Even a body in rigor mortis flattens on the contact points.
You are right. The Yankees should have won. Now contrast that with this from a story that appeared exactly one year ago in CBN News, a publication of the Christian Broadcasting Network:
… “It is certainly the funeral fabric that wrapped a tortured man.”
[Giulio] Fanti used to research, the cloth, and the three-dimensional projection of the figure to confirm that the man sustained numerous wounds on his body before death.
“I counted 370 wounds from the flagellation, without taking into account the wounds on his sides, which the Shroud doesn’t show because it only enveloped the back and front of the body,” Fanti explained … .
In a comment, Colin Berry tells us what he is planning on his own site. I’d like to focus on each of the ten items that he will be discussing. We can discuss them here and provide him our thoughts. He writes:
As flagged up in an earlier comment, this long-in-the-tooth, dare I say somewhat jaded critic of the supposed supernatural Linen, is currently planning as we speak a new (and possibly final) posting on his own site.
Reminder: it’s to be entitled “Sindonology’s 10 Biggest Mistakes”.

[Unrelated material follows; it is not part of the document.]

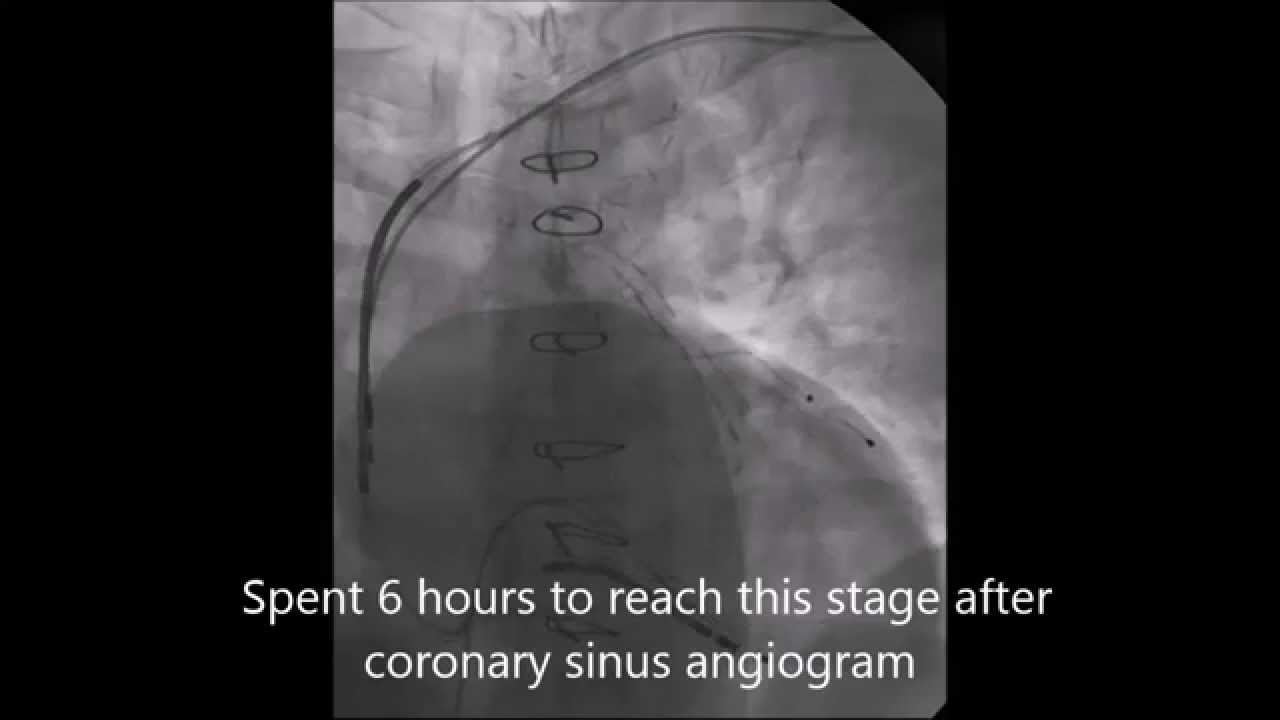 A Novel Technique for Placement of Left ventricular lead  in Cardiac Resynchronization Therapy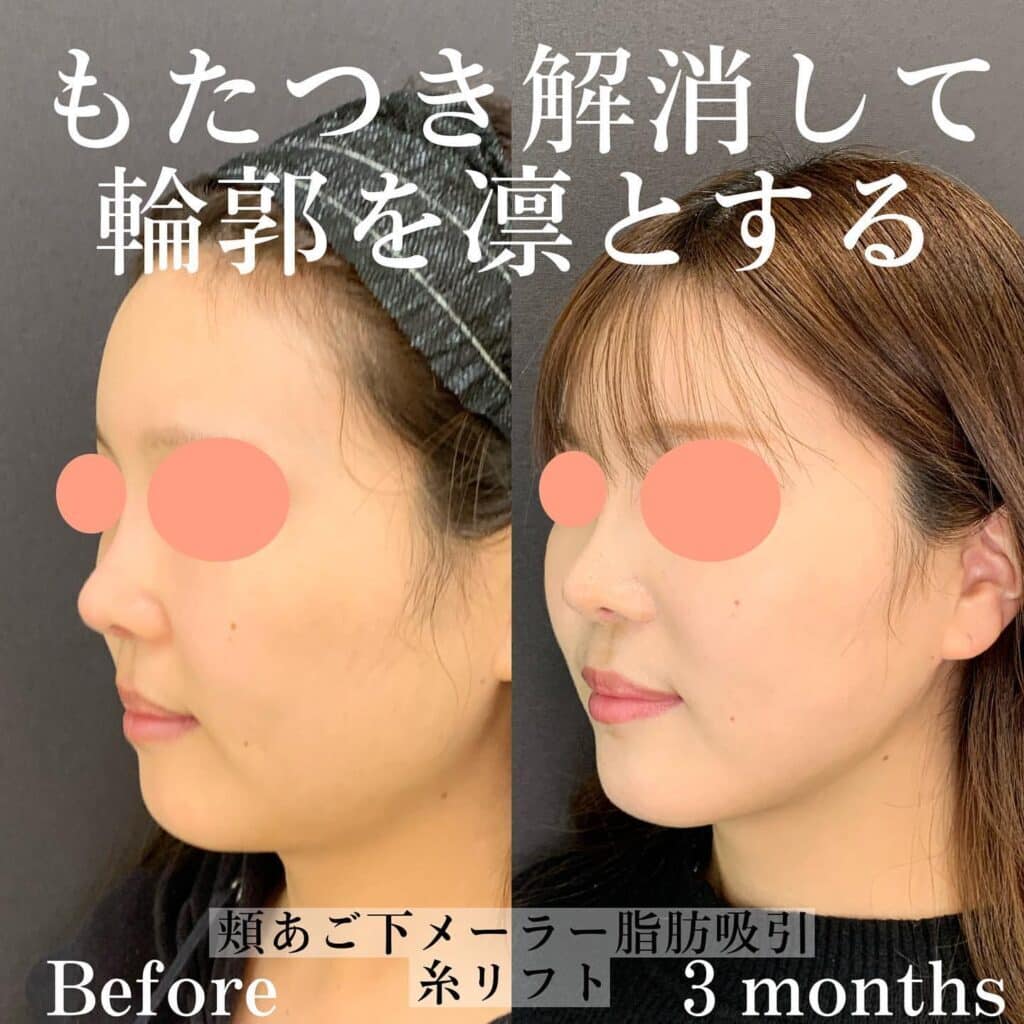 頬あご下メーラー脂肪吸引＋糸リフトの症例写真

Here’s a summary list of what’s on the drawing board:
1. Mistaken assumption that Secondo Pia’s discovery of the negative image via photography implies that ‘photography’ was required for initial image capture.
2. Mistaken assumption that the response of the body image to 3D-rendering software implies pre-existing “unique encoded 3D infomation”.
3. Mistaken conclusion that the faint body image is confined to the primary cell wall of the linen, with that supposed ‘ultra-superficiality’ needing some kind of subtle radiation-derived process.
4. Mistaken assumption that the Turin “Shroud” should be viewed as a “burial shroud”, whether real of simulated. The biblical account from first three Gospels suggests otherwise (J of A’s linen being intended merely for dignified transport from cross to tomb).
5. Mistaken assumption that the lack of lateral (“wrap around”) distortion of the body image rules out an imprinting mechanism dependent on physical contact (no air gaps).
6. Mistaken assumption in the 1981 STURP Summary that the image chromophore was due to chemical modification of the linen cellulose, with no mention of extraneous additions (whether Rogers’ ‘starch impurity’ or more recent proposals involving use of white flour as imprinting medium (my own Model 10)..
7. Premature radiocarbon dating, needing disfiguring removal of single chunky fabric rectangle. C-14 dating should have been postponed till the procedure worked with single excised threads, taken from multiple sites to exclude charges of “repair patches”.
8. Failure to identify the chemical nature of the image chromophore, especially to discriminate between chemically-modified cellulose and a chemical modification of extraneous coating (notably a Maillard-reaction involving starch or flour coating to generate high molecular weight melanoidins).
9. Pseudo-pathology based on assumption that bloodstains can be equated with body wounds, despite absence of any evidence for there being tears, punctures etc in the imprinted body image per se .
10. Failure to give proper recognition to the key role in French medieval society of the first documented owner of the Linen, namely Geoffroy de Charny, close confidante of his monarch, King Jean II (“The Good”). G. de Charny was prime mover in creating the “Order of the Star”. Possibility that the Linen was intended initially as a centrepiece for Star ceremonial, rudely interrupted by death of G.de Charny at the Battle of Poitiers, 1356. bearer of the Oriflamme,to say nothing of the capture/ransom of his monarch.